» TASK DESCRIPTION: Return all the lines below exactly. Any picture among them is omitted.

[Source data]
"""

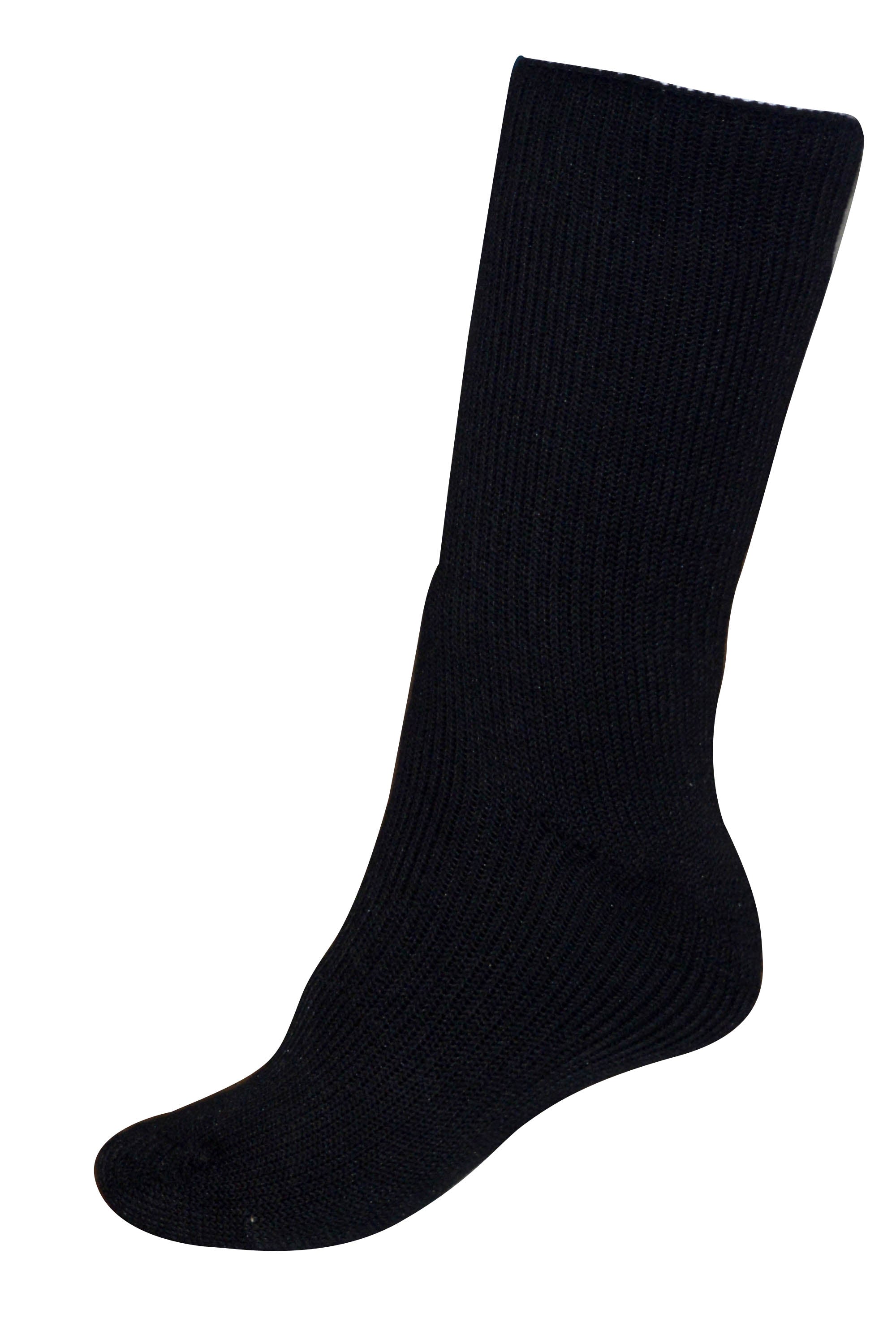 Octave® Kids Extra Warm Thermal Socks 2.45 TOG - Black - British Thermals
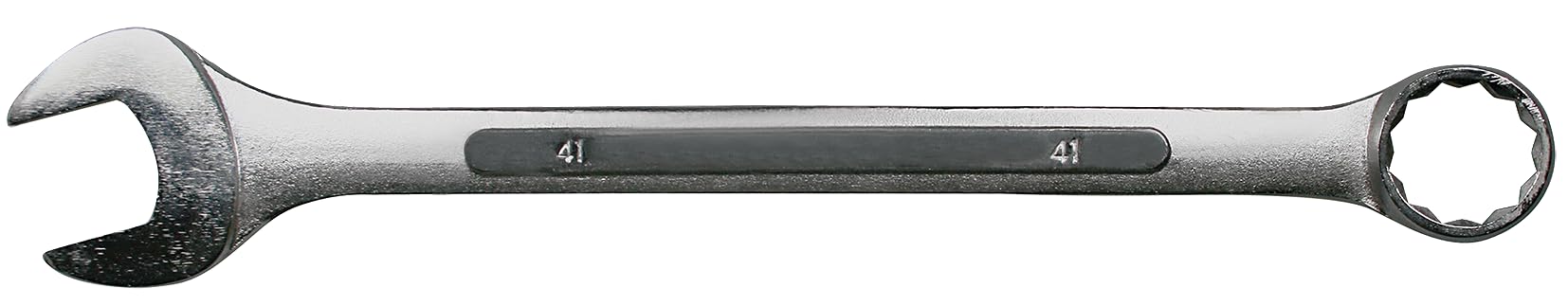 SW-Stahl Clé à Fourche 41 mm, 495 mm de Long, Acier Chrome-Vanadium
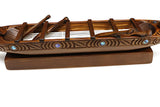 Wooden Waka Iti  60cm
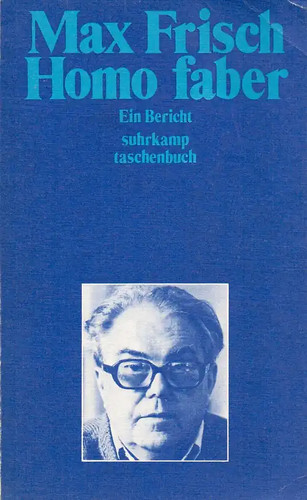 Homo faber - homo,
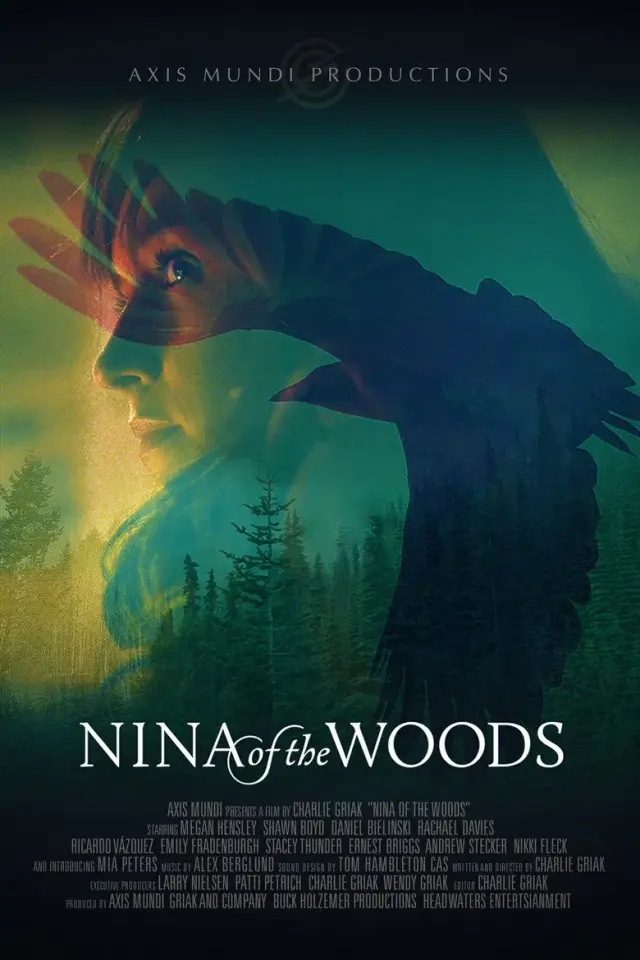 فیلم نینا از جنگل (Nina of the Woods) پوستر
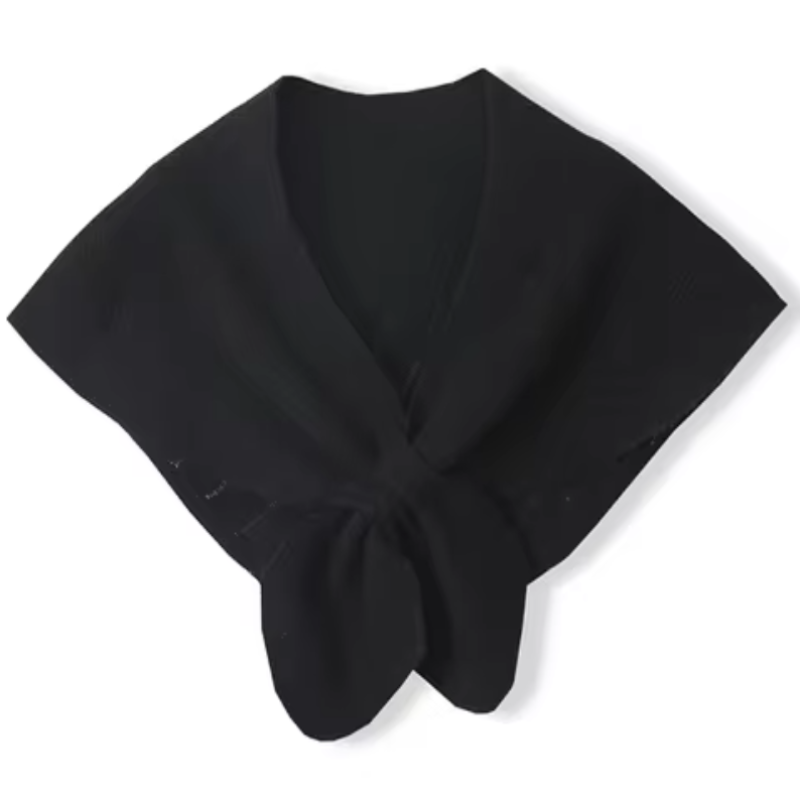 Châle pour femme matière laine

"""

» ANSWER TO THIS EXERCISE:
 Octave® Kids Extra Warm Thermal Socks 2.45 TOG - Black - British Thermals
 SW-Stahl Clé à Fourche 41 mm, 495 mm de Long, Acier Chrome-Vanadium
 Wooden Waka Iti  60cm
 Homo faber - homo,
 فیلم نینا از جنگل (Nina of the Woods) پوستر
 Châle pour femme matière laine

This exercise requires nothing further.